▸ **DIRECTIONS FOR THIS TASK**:
What is needed here is an exact repetition of the records below, beginning at the line that has "Falsches Blitzgerät in" and stopping after the line that has "Abercrombie & Fitch".

▸ **MATERIAL PROVIDED**:
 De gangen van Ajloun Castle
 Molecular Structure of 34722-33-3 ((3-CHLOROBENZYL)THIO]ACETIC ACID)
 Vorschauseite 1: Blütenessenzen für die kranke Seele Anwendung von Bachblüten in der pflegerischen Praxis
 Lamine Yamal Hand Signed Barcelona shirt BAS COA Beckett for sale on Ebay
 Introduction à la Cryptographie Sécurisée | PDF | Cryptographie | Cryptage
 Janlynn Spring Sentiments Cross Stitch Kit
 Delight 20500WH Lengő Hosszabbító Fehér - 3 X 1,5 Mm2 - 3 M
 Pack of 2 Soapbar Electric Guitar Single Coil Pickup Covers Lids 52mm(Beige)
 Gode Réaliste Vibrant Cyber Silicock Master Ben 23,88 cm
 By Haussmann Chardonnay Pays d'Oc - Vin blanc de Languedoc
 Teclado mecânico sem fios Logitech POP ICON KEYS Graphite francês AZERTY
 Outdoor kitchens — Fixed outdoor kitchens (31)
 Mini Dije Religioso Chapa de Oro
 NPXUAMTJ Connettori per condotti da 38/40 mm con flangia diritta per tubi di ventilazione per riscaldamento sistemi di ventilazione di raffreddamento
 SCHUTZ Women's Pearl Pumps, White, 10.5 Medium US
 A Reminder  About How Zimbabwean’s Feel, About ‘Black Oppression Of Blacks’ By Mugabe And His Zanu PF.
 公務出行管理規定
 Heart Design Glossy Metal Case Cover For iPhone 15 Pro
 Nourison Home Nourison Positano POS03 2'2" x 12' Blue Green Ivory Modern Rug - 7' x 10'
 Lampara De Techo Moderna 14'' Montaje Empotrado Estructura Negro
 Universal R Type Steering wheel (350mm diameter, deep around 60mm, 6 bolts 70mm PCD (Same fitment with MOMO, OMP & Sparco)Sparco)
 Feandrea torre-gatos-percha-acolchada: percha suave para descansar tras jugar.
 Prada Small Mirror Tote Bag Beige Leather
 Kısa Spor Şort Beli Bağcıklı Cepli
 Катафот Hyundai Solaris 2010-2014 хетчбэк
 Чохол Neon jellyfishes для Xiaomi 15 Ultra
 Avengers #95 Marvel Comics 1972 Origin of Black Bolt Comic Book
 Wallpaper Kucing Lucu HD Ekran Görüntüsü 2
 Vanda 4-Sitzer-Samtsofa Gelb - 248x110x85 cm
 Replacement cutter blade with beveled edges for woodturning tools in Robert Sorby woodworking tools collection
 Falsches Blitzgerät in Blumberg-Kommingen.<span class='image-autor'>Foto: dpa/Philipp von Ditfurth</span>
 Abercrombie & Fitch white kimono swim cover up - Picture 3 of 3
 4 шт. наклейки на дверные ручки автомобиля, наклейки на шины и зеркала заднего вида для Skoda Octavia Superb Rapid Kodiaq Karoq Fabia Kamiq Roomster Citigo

▸ **REPLY**:
 Falsches Blitzgerät in Blumberg-Kommingen.<span class='image-autor'>Foto: dpa/Philipp von Ditfurth</span>
 Abercrombie & Fitch white kimono swim cover up - Picture 3 of 3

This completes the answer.